貴女達がいずれ通る道なんだから、良く聞きなさいね。

「他家の情報を求められる事も有りました。正直申し上げますと、噂話ならいたします。ですが、してはいけない一線というものもございます」
彼女は水色のドレスを見つめたの。
「ご注文して頂いたドレスを使い、注文主様を貶める事等してはいけないのです。ドレスとは女性にとって鎧なのです。どうか私を罰して下さい。弟子を甘やかし過ぎてしまい、大事な事を教える事ができませんでした」
「ミセス・ステアン私は貴女を許します」
「アルバニア、良いの」
ヴァジールお兄様は私に確認します。
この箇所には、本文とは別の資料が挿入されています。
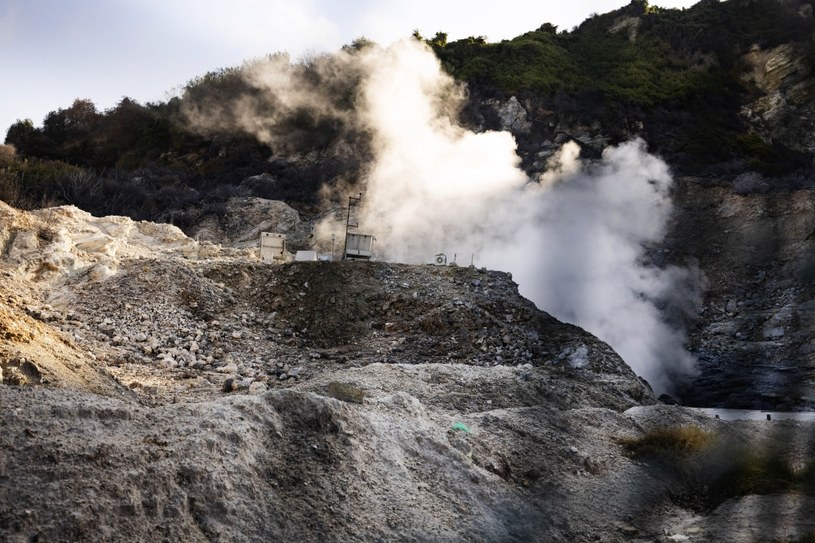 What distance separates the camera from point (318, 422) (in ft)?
18.2

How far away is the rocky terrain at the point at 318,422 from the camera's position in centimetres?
422

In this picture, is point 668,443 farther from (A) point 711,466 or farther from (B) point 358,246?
(B) point 358,246

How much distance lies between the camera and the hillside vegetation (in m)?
28.0

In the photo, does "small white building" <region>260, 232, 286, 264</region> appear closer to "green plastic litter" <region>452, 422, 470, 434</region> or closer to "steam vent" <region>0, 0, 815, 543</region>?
"steam vent" <region>0, 0, 815, 543</region>

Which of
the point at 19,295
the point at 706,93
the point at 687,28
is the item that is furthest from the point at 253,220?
the point at 687,28

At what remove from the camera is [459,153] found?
26.1 m

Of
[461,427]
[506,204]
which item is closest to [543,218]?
[506,204]

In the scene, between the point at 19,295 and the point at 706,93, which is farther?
the point at 706,93

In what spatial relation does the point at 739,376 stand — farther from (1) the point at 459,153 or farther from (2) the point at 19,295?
(2) the point at 19,295

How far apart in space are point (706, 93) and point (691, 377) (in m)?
20.4

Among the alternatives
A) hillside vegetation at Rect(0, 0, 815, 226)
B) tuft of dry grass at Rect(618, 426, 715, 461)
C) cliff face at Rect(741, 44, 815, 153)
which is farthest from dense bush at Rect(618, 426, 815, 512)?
cliff face at Rect(741, 44, 815, 153)

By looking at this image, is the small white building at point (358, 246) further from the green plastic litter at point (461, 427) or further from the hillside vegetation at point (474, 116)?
the green plastic litter at point (461, 427)

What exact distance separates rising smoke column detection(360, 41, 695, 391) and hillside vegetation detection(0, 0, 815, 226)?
1682 mm

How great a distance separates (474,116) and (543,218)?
9765 millimetres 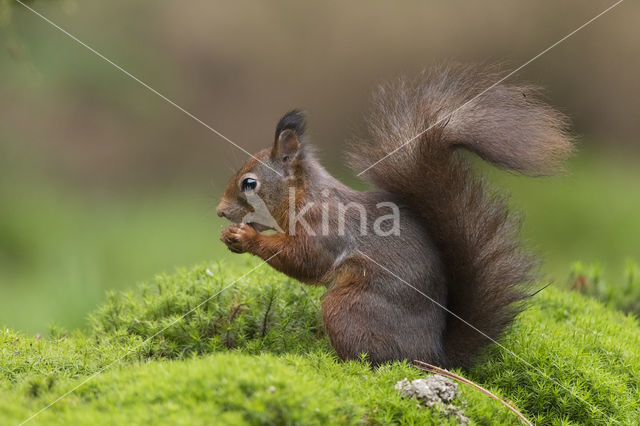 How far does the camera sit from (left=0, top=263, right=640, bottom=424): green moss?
2.28 m

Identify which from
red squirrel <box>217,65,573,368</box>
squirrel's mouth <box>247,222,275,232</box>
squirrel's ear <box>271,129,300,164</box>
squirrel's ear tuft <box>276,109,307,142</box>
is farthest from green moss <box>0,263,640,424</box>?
squirrel's ear tuft <box>276,109,307,142</box>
推薦状を出す、それは身柄を保証する事。
ミセス・ステアンにも責任は有るでしょう。

私は、甘いのかもしれません。
彼女がとても小さく見えるのです。
とても傷付いて見えてしょうがないのです。

それに、仕組んだ人間も解っている。
何よりも、デザイナーのリリィ・ツチュアートはもう亡くなっているのよ。
数日前に刃物で挿された遺体が発見されたの。

勿論、私達が殺したりなんかしてない。

彼女は、信頼と最愛の弟子を無くしたの。
充分だと思うわ。

「ミセス・ステアン貴女にお願いがあるの」

ミセス・ステアンは私の願いを聞き、とても驚いたの。

私は改めて彼女にドレスの注文をしたの。
ミセス・ステアンは当初、辞退したのよ。

でも、受けてくれたの。
私の欲しいドレスは、彼女しか作れない。
15才の女侯爵のドレス。
とても難しいと思うの。

必要なドレスは2枚。

1枚は、2週間後に王室と行う結納の義。
サイラスお兄様と王女殿下のね。
今は、水面下で擦り合わせをしているの。


数日前に王室から来た手紙は、王妃のお茶会の招待状だったの。
そちらは三週間後。

その為のドレスを求めているの。

招待状の紙の質、装飾、茶会場所。
招待された者はそれらを見て判断するの、茶会のランクをね。

おそらく最高ランクの茶会で間違いないわ。
別名、女王の茶会ね。

だからこそ必要なのよ。

15才の少女の恥らいと気品、少女から大人の女性になる一瞬の儚さ。

そして、侯爵位に有る者の威厳。

そんな物を体現するための鎧を求めてしまう。

ミセス・ステアン、彼女ならできるはず。

彼女が落ち目等と思われているのは、媚びないからなの。
婚活中の令嬢やその親は、彼女のドレスを厭うの。
着る者の品性を曝し出すから。

戦う為の鎧を求めるなら、覚悟が必要なのよ。


結局、ドレスの打ち合わせは明日になったの。

急ぎ、そう、急ぎなんだけどね。
彼女達なら信頼できる、期限までに最高の鎧を用意してくれるはず。

あと、ヴァジールお兄様が何か注文を出していたの。

黒い雰囲気だったから、知らないふりをしたわ。

それに、彼女達に見せたい物があったから。

その為に、ドレスの打ち合わせを明日にしたのよ。